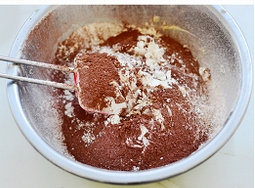 4、雪梨双倍巧克力塔 ,用刮刀搅拌均匀。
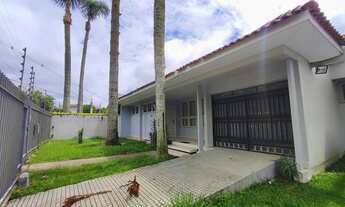 Imagem 2: Casa com 6 dormitórios para alugar, 212 m² por R$ 4.500/mês - Jardim Social - Curitiba/PR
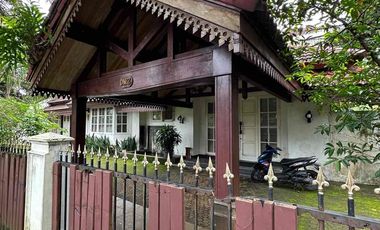 Dijual Rumah 60 % di bawah pasar di komplek buncit jakarta selatan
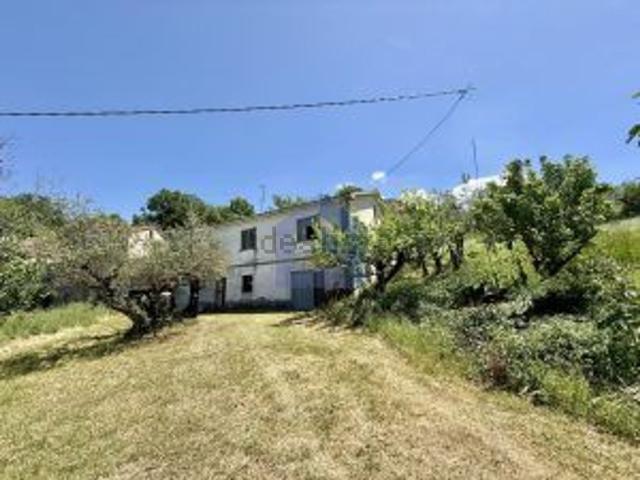 Villetta indipendente in vendita di 319 m² in Contrada Bufalara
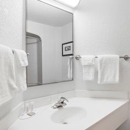 Super 8 by Wyndham Sault Ste. Marie - Hotels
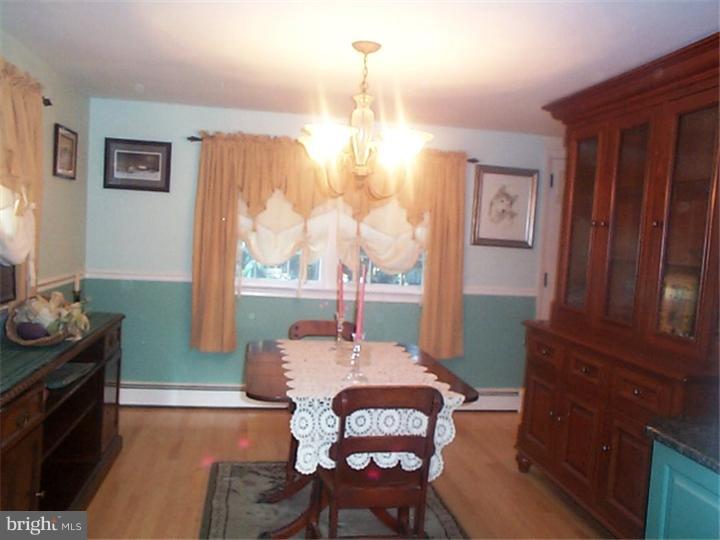 2841 St Peters Road Elverson, PA 19520 - Photo 8 of 20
________________________
_WHAT YOU WILL DO_.
Copy exactly, and only, the lines running from the one containing "Super 8 by Wyndham Sault Ste. Marie - Hotels" through the final line of the data, and omit the pictures.

_SOLUTION TO THIS EXERCISE_.
 Super 8 by Wyndham Sault Ste. Marie - Hotels
 2841 St Peters Road Elverson, PA 19520 - Photo 8 of 20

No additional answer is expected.